Expressing his delight, Searle stated, “It’s a pretty special feeling. It’s not going to come too often, so I’m going to enjoy it. It was amazing being out on this court today.” Overcoming a breakdown, he rallied to win the first set and an early break in the second proved decisive, allowing the British player to claim victory on his first match point as Demin’s return landed just long.

As Searle prepares to embark on his professional career, expectations will undoubtedly be high.
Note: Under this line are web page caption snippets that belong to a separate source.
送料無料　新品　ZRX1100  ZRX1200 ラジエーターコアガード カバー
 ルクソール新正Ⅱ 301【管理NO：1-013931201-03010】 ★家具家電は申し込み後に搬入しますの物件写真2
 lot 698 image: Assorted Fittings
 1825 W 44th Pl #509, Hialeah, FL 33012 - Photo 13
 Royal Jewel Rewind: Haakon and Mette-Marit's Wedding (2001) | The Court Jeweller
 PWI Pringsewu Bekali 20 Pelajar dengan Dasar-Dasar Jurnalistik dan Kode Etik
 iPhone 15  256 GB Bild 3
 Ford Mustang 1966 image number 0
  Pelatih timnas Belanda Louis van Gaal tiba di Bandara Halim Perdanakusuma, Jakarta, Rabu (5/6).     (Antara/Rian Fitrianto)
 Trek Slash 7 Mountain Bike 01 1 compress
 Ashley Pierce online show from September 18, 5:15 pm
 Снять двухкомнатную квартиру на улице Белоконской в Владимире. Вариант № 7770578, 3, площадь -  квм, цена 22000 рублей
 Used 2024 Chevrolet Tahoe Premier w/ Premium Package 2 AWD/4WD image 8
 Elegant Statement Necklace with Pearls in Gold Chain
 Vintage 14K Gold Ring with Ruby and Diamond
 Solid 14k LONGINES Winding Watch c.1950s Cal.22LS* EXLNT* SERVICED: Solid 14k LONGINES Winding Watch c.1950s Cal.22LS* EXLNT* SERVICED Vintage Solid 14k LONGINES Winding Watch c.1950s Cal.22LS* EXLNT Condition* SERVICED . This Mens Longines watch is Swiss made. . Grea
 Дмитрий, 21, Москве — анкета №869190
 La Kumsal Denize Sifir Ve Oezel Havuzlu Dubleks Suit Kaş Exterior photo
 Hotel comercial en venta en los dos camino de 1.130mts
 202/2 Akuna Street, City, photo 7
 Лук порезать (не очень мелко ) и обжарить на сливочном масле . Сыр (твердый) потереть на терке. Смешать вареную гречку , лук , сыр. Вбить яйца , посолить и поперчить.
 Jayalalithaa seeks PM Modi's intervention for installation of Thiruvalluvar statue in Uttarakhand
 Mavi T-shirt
However, he maintains a level-headed approach, remarking, “I’ll definitely try and prepare myself for it. I’ll keep working hard, and we’ll see what happens.”

In other Wimbledon events, Britain’s Hannah Klugman and Isabelle Lacy could not replicate Searle’s success in the girls’ doubles final, as they were defeated 6-4, 7-5 by the pairing of Alena Kovackova and Laura Samsonova. Although the British duo staged a comeback from 5-2 down to level at 5-5 in the second set, they were unable to maintain their momentum, and the Czech team held on to clinch the title. 

The girls’ singles title was won by American player Clervie Ngounoue, who triumphed over Czech player Nikola Bartunkova with a commanding scoreline of 6-2, 6-2, securing her first junior grand slam title.

Meanwhile, wheelchair tennis player Alfie Hewett’s quest for a maiden singles title at Wimbledon continues as he suffered his third consecutive defeat in the final. The 17-year-old Tokito Oda of Japan emerged victorious with a score of 6-4, 6-2. 

On a brighter note for Britain, Mark Ceban triumphed in the boys’ under-14 category, defeating Svit Suljic with a scoreline of 7-6 (5), 6-3. However, Hollie Smart was unable to secure victory in the girls’ under-14s, as she was convincingly beaten by Luna Vujovic with a score of 6-3, 6-1.